[Intel-gfx] [PATCH 9/9] drm/i915/gt: Schedule request retirement when timeline idles

Wed Nov 20 14:25:28 UTC 2019

Quoting Tvrtko Ursulin (2019-11-20 14:16:17)
> 
> On 20/11/2019 13:39, Chris Wilson wrote:
> > Quoting Tvrtko Ursulin (2019-11-20 13:16:51)
> >>
> >> On 20/11/2019 09:33, Chris Wilson wrote:
> >>> +
> >>> +             /*
> >>> +              * Our goal here is to retire _idle_ timelines as soon as
> >>> +              * possible (as they are idle, we do not expect userspace
> >>> +              * to be cleaning up anytime soon).
> >>> +              *
> >>> +              * If the tl->active_count is already zero, someone else
> >>> +              * should have retired the timeline. Equally if the timeline
> >>> +              * is currently locked, either it is being retired elsewhere
> >>> +              * or about to be!
> >>> +              */
> >>> +             if (atomic_read(&tl->active_count) &&
> >>> +                 mutex_trylock(&tl->mutex)) {
> >>> +                     retire_requests(tl);
> >>> +                     mutex_unlock(&tl->mutex);
> >>> +             }
> >>> +             intel_timeline_put(tl);
> >>> +
> >>> +             GEM_BUG_ON(!next);
> >>> +             tl = ptr_mask_bits(next, 1);
> >>
> >> You sometimes expect engine->retire to contain 0x1?
> > 
> > Yes, imagine that we are submitting very fast such that we schedule_out
> > the same context before the worker ran, we would then try to
> > add_retire() the same timeline again. So I was using BIT(0) to tag an
> > active element in the retirement list.
> 
> If we have schedule_out on the same context before the retire ran then 
> add_retire is a no-op due tl->retire being set.

The first element in the list has timeline->retire = NULL. We only know
it is set because we make it timeline->retire = 1 instead.

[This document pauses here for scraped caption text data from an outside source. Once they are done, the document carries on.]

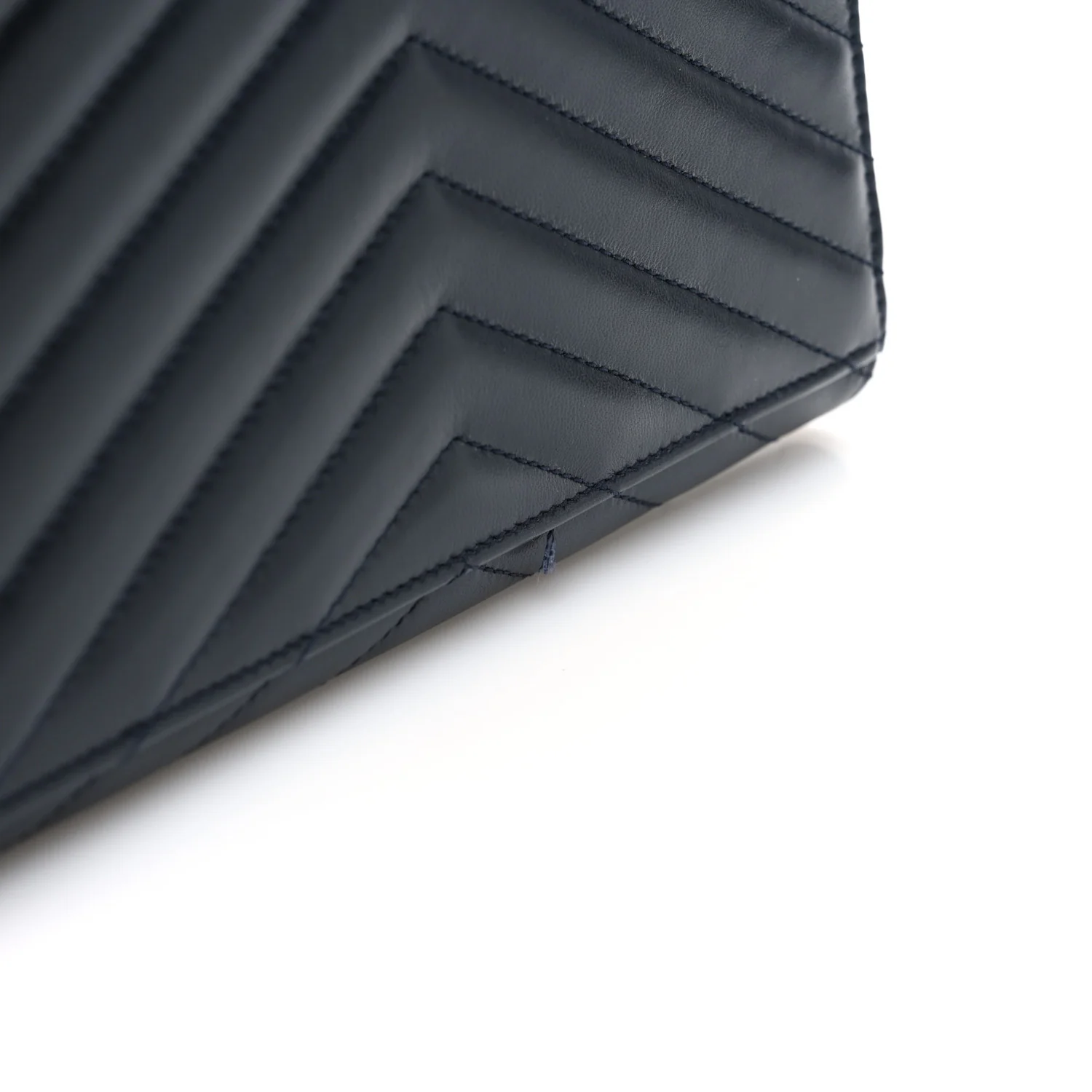 Lambskin Matelasse Chevron Monogram Cassandre Flap Pouch Navy - Top Club
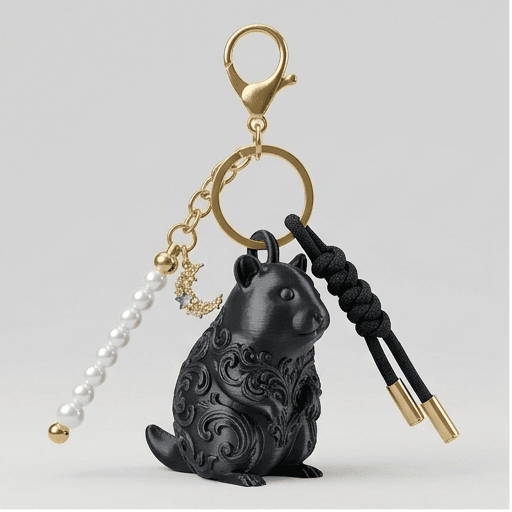 ブラックベアハムスターのルネサンス肖像画キーホルダー(シルクブラック)
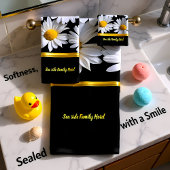 ブラックでロマンチックなデイジー金ゴールドフォイルをパーソナライズ バスタオルセット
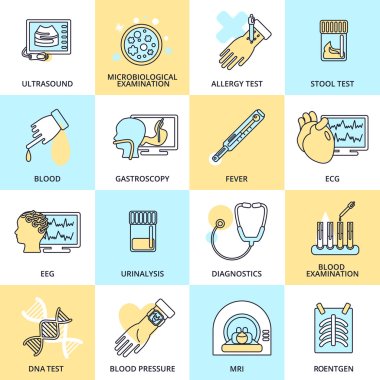 Medical tests icons flat line clipart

> It could be a race between engine_retire and add_retire where 
> engine->retire is set to NULL so latter would set tl->retire to NULL | 
> BIT(0).
> 
> But BIT(0) is only filtered out and not acted upon anywhere so I am 
> still lost.
> 
> So maybe from the opposite angle, what goes wrong if you drop all BIT(0) 
> business?

You insert the element into the list twice causing a loop. Now that loop
is short lived as we clear timeline->retire on processing, but we may
still end up dropping a reference twice.

> 
> > 
> >>> +     } while (tl);
> >>> +}
> >>> +
> >>> +static bool add_retire(struct intel_engine_cs *engine,
> >>> +                    struct intel_timeline *tl)
> >>> +{
> >>> +     struct intel_timeline *first = READ_ONCE(engine->retire);
> >>> +
> >>> +     /*
> >>> +      * We open-code a llist here to include the additional tag [BIT(0)]
> >>> +      * so that we know when the timeline is already on a
> >>> +      * retirement queue: either this engine or another.
> >>> +      *
> >>> +      * However, we rely on that a timeline can only be active on a single
> >>> +      * engine at any one time and that add_retire() is called before the
> >>> +      * engine releases the timeline and transferred to another to retire.
> >>> +      */
> >>> +
> >>> +     if (READ_ONCE(tl->retire)) /* already queued */
> >>> +             return false;
> >>
> >> Can't this go first in the function?
> > 
> > Conceptually it is. And I made it so because I also decided against
> > having the READ_ONCE() at the top.
> 
> But READ_ONCE is at the top, just a different one which is discarded if 
> this one is NULL.

static bool add_retire(struct intel_engine_cs *engine,
                       struct intel_timeline *tl)
{
        struct intel_timeline *first;

        /*
         * We open-code a llist here to include the additional tag [BIT(0)]
         * so that we know when the timeline is already on a
         * retirement queue: either this engine or another.
         *
         * However, we rely on that a timeline can only be active on a single
         * engine at any one time and that add_retire() is called before the
         * engine releases the timeline and transferred to another to retire.
         */

        if (READ_ONCE(tl->retire)) /* already queued */
                return false;

        if (!atomic_read(&tl->active_count)) /* already retired */
                return false;

        intel_timeline_get(tl);
        first = READ_ONCE(engine->retire);
        do
                tl->retire = ptr_pack_bits(first, 1, 1);
        while (!try_cmpxchg(&engine->retire, &first, tl));

        return !first;
}

is the current incarnation.

> >>> +
> >>> +     intel_timeline_get(tl);
> >>> +     do
> >>> +             tl->retire = ptr_pack_bits(first, 1, 1);
> >>
> >> Here you rely on assignment being atomic right?
> > 
> > Ish. Here we rely on the timeline being owned by the engine so it cannot
> > be submitted by another (and so schedule_out called) until this engine
> > has released it.
> > 
> > It is a weak point for generality, but the ordering is strong in
> > execlists.
> > 
> >>> +     while (!try_cmpxchg(&engine->retire, &first, tl));
> >>
> >> So the loop is effectively creating a chain of timelines to retire on
> >> this engine.
> >>
> >> What happens with virtual engines when a timeline goes to different
> >> engine before (well or any single timeline context) the retire worker
> >> runs? Ah okay, it gets re-assigned to the most recent engine.
> > 
> > Right. The engine_retire() doesn't care which engine the timelines were
> > run on, it's just a list of suspected idle timelines.
> > 
> >> I am not sure about the BIT(0) business. It's always set on write so I
> >> am not getting why it is useful.
> > 
> > It's also set to 0 on consumption :)
> 
> Another thing - assert that engine->retire is NULL after flush_work in 
> intel_engine_fini_retire could be useful.

Yup, wilco.
-Chris